That matches what many of us remember from the early PowerPivot days. Excel was not simply making bigger PivotTables. It was hosting something that behaved like a local Analysis Services model. Even today, if you watch Excel with Process Explorer while working with Power Pivot, the msmdsrv.exe subprocess is a useful reminder of where the machinery comes from. Power BI Desktop follows a related local-engine pattern: Analysis Services process, model metadata, VertiPaq storage, then an application shell around it.

The work I had done for PBIX files did not stop at PBIX, but it also did not transfer perfectly. The engine family is shared; the file details still matter.

The Same Engine in a Different Coat

A .pbix file and an .xlsx file look like different products. One belongs to Power BI Desktop. The other belongs to Excel. Their outer packaging also differs in the details.

But once a workbook contains a Power Pivot data model, the important inner layer becomes familiar.

In a PBIX file, pbixray looks for:

DataModel

In an Excel workbook with an embedded Power Pivot model, it looks for:

xl/model/item.data

That path is the bridge. item.data is the workbook’s embedded model payload. After that point, the parser is no longer doing ordinary Excel worksheet extraction. It is back in the world of Analysis Services backup structures and VertiPaq storage files.

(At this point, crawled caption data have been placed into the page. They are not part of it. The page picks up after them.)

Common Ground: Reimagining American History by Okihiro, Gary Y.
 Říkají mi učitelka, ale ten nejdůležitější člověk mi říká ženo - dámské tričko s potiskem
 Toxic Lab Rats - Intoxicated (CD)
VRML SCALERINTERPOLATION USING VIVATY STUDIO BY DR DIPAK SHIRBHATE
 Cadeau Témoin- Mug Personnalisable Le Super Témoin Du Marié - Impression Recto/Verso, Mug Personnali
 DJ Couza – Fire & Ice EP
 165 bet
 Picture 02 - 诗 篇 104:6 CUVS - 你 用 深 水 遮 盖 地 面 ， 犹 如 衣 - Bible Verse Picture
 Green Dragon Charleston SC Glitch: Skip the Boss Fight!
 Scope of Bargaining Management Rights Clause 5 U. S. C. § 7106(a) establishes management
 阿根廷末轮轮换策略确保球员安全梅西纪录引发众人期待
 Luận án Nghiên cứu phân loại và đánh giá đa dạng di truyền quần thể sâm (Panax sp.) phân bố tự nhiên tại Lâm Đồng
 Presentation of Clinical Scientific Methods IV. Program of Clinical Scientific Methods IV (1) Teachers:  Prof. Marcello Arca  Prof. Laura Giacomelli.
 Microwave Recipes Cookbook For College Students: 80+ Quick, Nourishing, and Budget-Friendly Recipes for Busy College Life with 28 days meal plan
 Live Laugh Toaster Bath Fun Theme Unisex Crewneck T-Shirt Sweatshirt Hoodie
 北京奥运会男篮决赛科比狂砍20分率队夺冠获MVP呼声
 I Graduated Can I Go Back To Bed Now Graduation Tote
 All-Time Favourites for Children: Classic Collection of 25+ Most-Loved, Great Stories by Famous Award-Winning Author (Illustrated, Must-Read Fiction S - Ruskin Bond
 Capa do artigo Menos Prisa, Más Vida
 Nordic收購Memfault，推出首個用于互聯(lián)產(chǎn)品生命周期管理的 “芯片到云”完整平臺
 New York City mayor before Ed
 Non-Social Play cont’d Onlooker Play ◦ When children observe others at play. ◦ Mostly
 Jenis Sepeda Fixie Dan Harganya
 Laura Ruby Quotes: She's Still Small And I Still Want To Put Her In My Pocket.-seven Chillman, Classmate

But this is also where the first important difference appears. PBIX files, at least in the modern files pbixray targets, expose the semantic layer through metadata.sqlitedb. The XLSX Power Pivot samples I tested take a different route: model metadata is reconstructed from XML files such as Model...cub.xml, dimension XML, partition XML, measure-group XML, script XML, data-source-view XML, and table XML.

This is where the Microsoft Open Specifications become useful. [MS-XLDM], the Spreadsheet Data Model File Format specification, describes the binary format used to store part of a tabular data model inside a spreadsheet file: tables, data, and relationships within the containing workbook. [MS-SSAS-T], the SQL Server Analysis Services Tabular Protocol, describes the Tabular side of the Analysis Services world: how clients communicate with and operate on Tabular databases at compatibility level 1200 or higher.

Those two documents served different purposes during the reverse-engineering process. MS-XLDM helped with the spreadsheet-contained model structures. MS-SSAS-T filled in object definitions that were not fully described in MS-XLDM, which made it easier to interpret the Tabular metadata objects inside the workbook model. Some of the XLSX implementation details in pbixray were sourced from those specifications; others were matched against real workbook files and against structures I had already learned while parsing PBIX.

The outer ZIP package changed. The metadata layer changed. The data model did not become a simple spreadsheet table.

Why This Matters

Excel workbooks often sit in the awkward middle of enterprise analytics. They are easy to share, hard to govern, and full of models that gradually become important without anyone quite deciding that they are now production assets.

Power Pivot makes that more interesting. A workbook can contain:

If the only way to inspect that model is to open Excel manually, automation stops at the front door. You cannot easily inventory models, search DAX measures, review relationships, or compare workbook models in a CI-style workflow.

That is where Lucian’s issue landed for me. The question was not “can Python read worksheets?” Python can already do that very well. The useful question was whether the hidden model layer inside some workbooks could be inspected with the same direct-file approach as PBIX.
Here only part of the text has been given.